Archives de la catégorie démocratie
  1. Une innovation grâce à mon intelligence artificielle raisonnante : le serveur vocal intelligent

Je relate cette affaire car elle est symptomatique du manque de fiabilité de l’État qui nous dirige. Grâce à ma technologie basée sur l’Intelligence Artificielle raisonnante, il devient possible de commercialiser des ordinateurs capables de répondre au téléphone, de dialoguer simultanément avec des centaines de correspondants et de résoudre leurs problèmes dans un domaine donné. Ce genre d’ordinateurs s’appelle des « serveurs vocaux conversationnels ». Les serveurs vocaux existent, ce sont pour le moment des serveurs vocaux interactifs (SVI), qui vous répondent au téléphone dans certaines entreprises ou pour obtenir certains services (réservations SNCF). Une voix enregistrée vous demande d’appuyer sur la touche un ou deux pour choisir l’interlocuteur ou le service que vous demandez. Des serveurs vocaux avec reconnaissance vocale commencent à apparaître, dans lesquels on peut répondre « oui », « non » ou sélectionner quelque chose dans une base de données (par ex une ville pour réserver son billet de train), sans taper une touche.

2. Loïc Étienne, médecin urgentiste

Personne au monde n’en a encore produit un SVI capable de mener un diagnostic, en dialoguant plusieurs minutes au téléphone s’il le faut comme le font les experts quotidiennement dans les entreprises avec leurs collègues. A cause de tous mes ennuis, cela fait maintenant 7 ans que je n’ai pu en vendre un seul à un client. La démarche la plus aboutie pour arriver à vendre un serveur vocal conversationnel a été mené avec un de mes partenaires, Loïc Étienne, médecin urgentiste. C’est le genre de médecin qui traite les urgences au Samu par exemple. Sauf que, lui, c’est une grosse pointure : il est le seul médecin à avoir obtenu l’autorisation de l’Ordre des médecins, donc de l’État, de développer des logiciels d’aide au diagnostic médical et d’information sur les médicaments.

Il a commencé avec le Minitel dans les années 1980 : des médecins-opérateurs fournissaient par messages texte les réponses aux questions posées par les correspondants.
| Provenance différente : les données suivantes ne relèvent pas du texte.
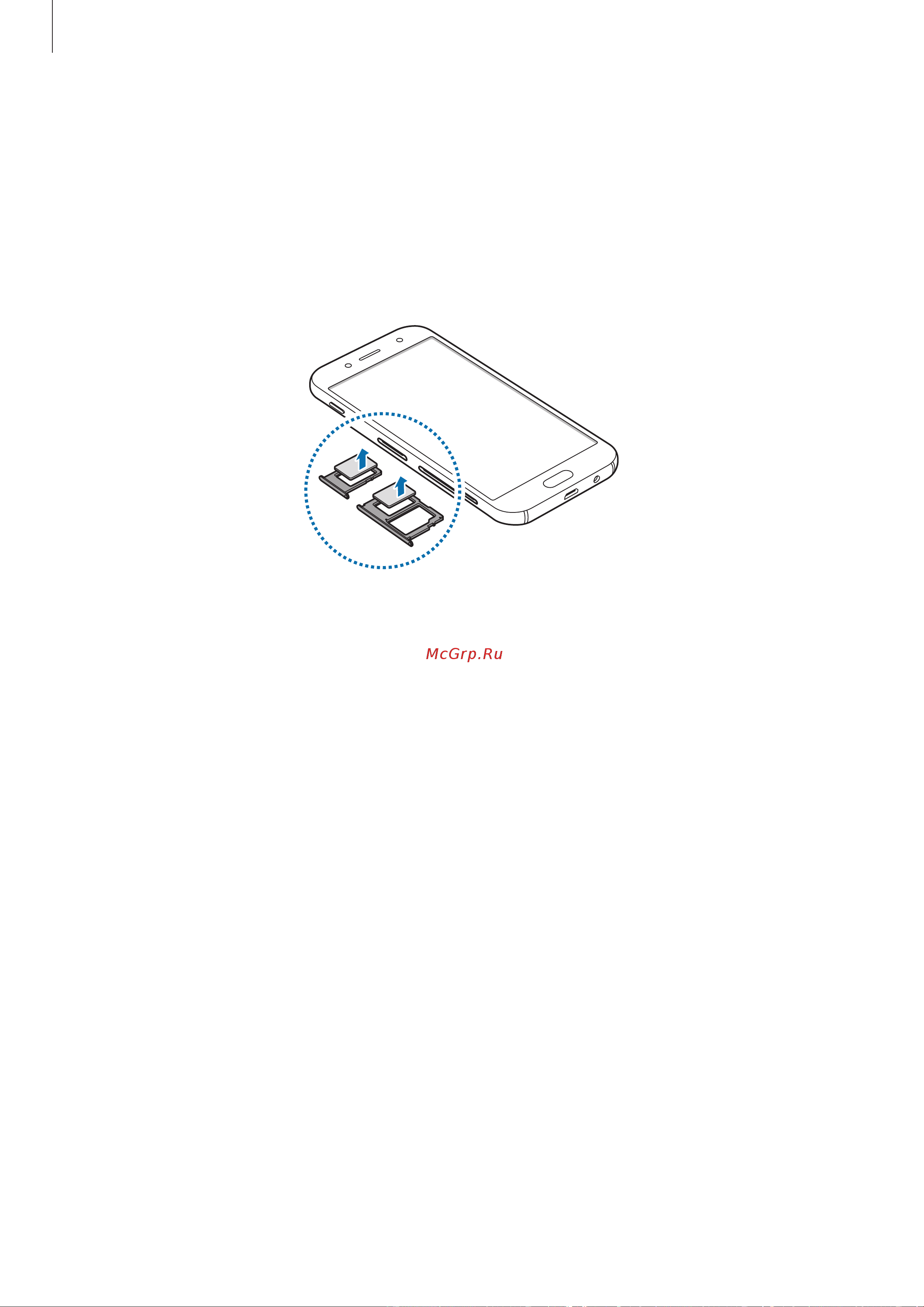 Samsung Galaxy J7 (SM-J730) Руководство по эксплуатации онлайн [16/139] 775259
En 2001, j’ai développé avec sa connaissance médicale un serveur vocal conversationnel de diagnostic des douleurs à la poitrine pour les démonstrations à ses prospects. Lui, son associé et moi-même avons fait des centaines de démonstrations qui n’ont, hélas, n’a jamais permis d’aboutir à une commande : dans le cas d’une « innovation de rupture », il faut tout développer, non une partie… Sinon, il restera toujours une personne non convaincue dans le circuit de décision du client. Terminer cette application aurait demandé un mois de travail en continu et, sans argent, nous n’aurions pu vivre pendant ce temps-là.

3. Xavier Bertrand, haut fonctionnaire du Ministère de la Santé s’engage à convaincre son ministre de l’intérêt de notre solution

En 2005, Loïc est parvenu à monter une gigantesque base de données médicales accessible par Internet, qu’il loue depuis à des organismes d’assurances et d’assistance pour pouvoir répondre à leurs clients. Armé de son site, du serveur vocal conversationnel et de l’engagement de financement de plusieurs partenaires prestigieux, il rencontre en 2005 un haut fonctionnaire du Ministère de la Santé : Xavier Bertrand. En effet, un serveur vocal accessible de toute la population 24h/24, avec un n° facile à retenir : le « 33 33 », ça réclame l’accord de l’État. Celui-ci est enthousiasmé par l’innovation que Loïc lui propose ! Il s’engage à convaincre son ministre M. Philippe Douste-Blazy, c’est comme si c’était fait !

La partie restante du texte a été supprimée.